Can I simply take the derivative of expression (2) or should I apply the implicit function theorem twice to expression (1)?
In the case where I could not, why would it be incorrect?
Many thanks!
After some research, the two methods seem equivalent in the case I consider.
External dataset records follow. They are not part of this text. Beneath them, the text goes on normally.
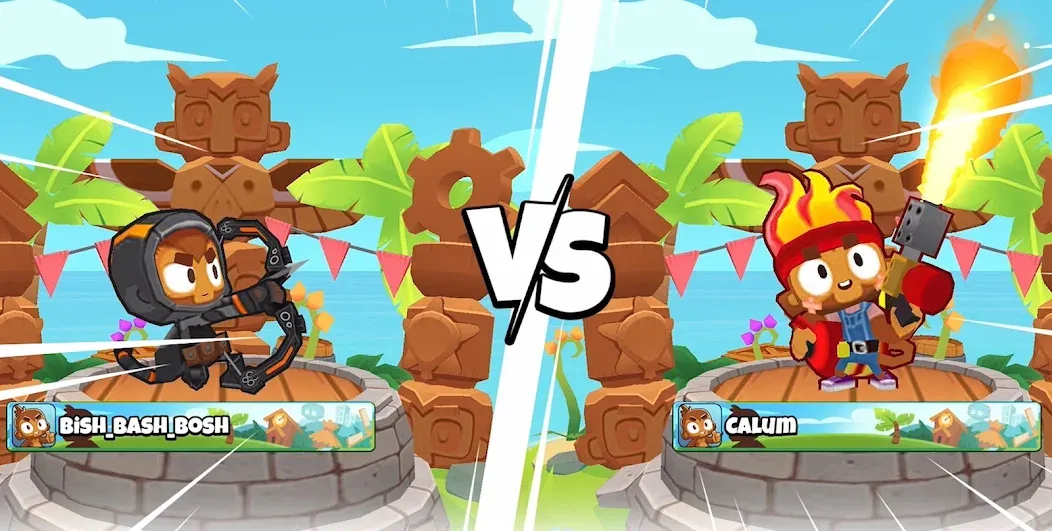 Bloons TD Battles 2 — Безлимитные деньги и разблокировано всё, скачать мод APK — скриншот 3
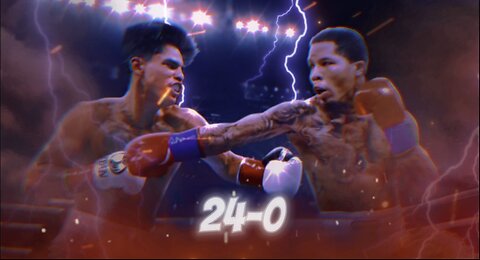 WHY RYAN GARCIA WILL BEAR GERVONTA DAVIS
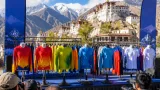 Lt Governor launches jersey for 13th Ladakh Marathon as entries surge to nearly 10,000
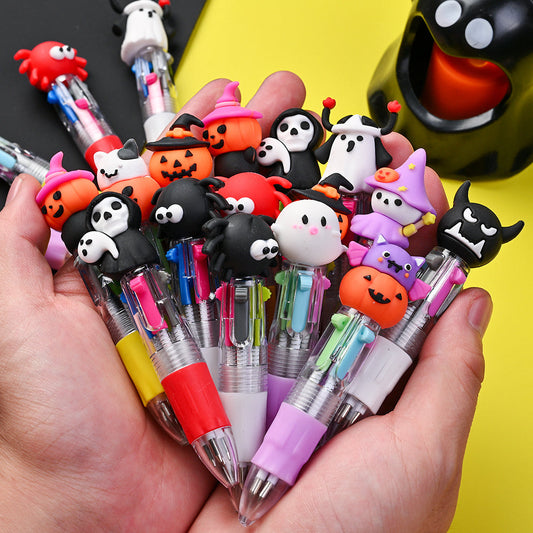 Halloween 4-in-1 Ballpoint Pens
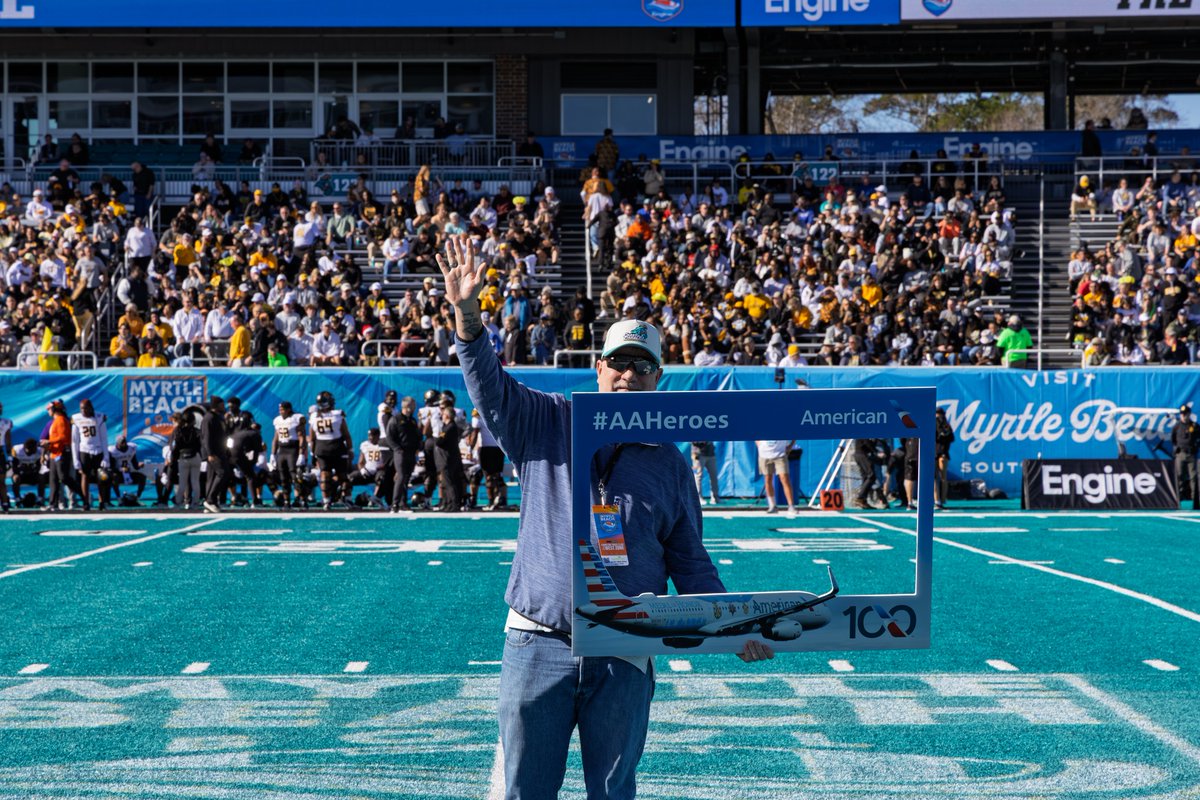 Myrtle Beach Bowl tweet media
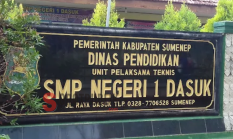 Oknum di SMPN 1 Dasuk Lakukan Pungutan Liar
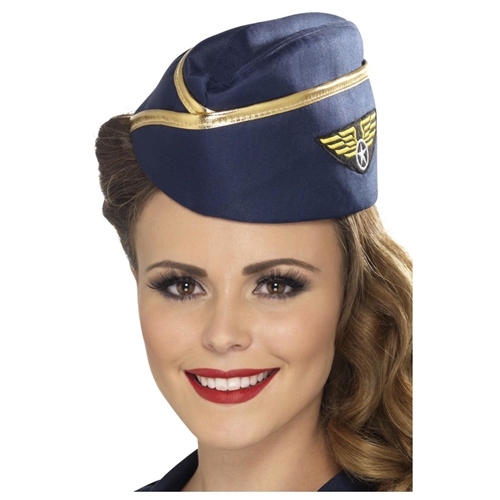 Air Hostess Hat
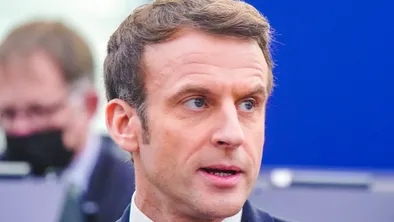 Emmanuel Macron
Method 1: applying IFT twice
We start with $$f(x(a,b),a,b)=0\qquad \text{(1)}$$ We differentiate (1) with respect to $a$: $$f_xx_a+f_a=0\qquad \text{(2)}$$ Where $f_x$ and $f_a$ are the partial derivatives of $f(\cdot)$ with respect to $x$ and $a$ respectively. Similarly, $x_a$ is the partial derivative of $x(a,b)$ with respect to $a$. Now we differentiate (2) with respect to $b$: $$f_xx_{ab}+f_{xx}x_ax_b+f_{xa}x_b+f_{xb}x_a+f_{ab}=0\qquad\text{(3)}$$ Rearranging (3) gives: $$x_{ab}=\frac{f_{xx}x_ax_b+f_{xa}x_b+f_{xb}x_a+f_{ab}}{-f_x}\qquad\text{(4)}$$
Method 2: directly differentiating $\pmb{x_a}$
Let's start with: $$x_a=\frac{f_a}{-f_x}\qquad\text{(1')}$$ Differentiating (1') this expression with respect to $b$ gives: $$x_{ab}=\frac{-(f_{ab}+f_{xa}x_b)f_x+f_a(f_{xx}x_b+f_{xb})}{(f_x)^2}=\frac{f_{ab}+f_{xa}x_b}{-f_x}-\frac{f_a}{-f_x}\frac{f_{xx}x_b+f_{xb}}{f_x}\quad\text{(2')}$$ Injecting (1') in (2') and rearranging, we fall back on our feet: $$x_{ab}=\frac{f_{xx}x_ax_b+f_{xa}x_b+f_{xb}x_a+f_{ab}}{-f_x}$$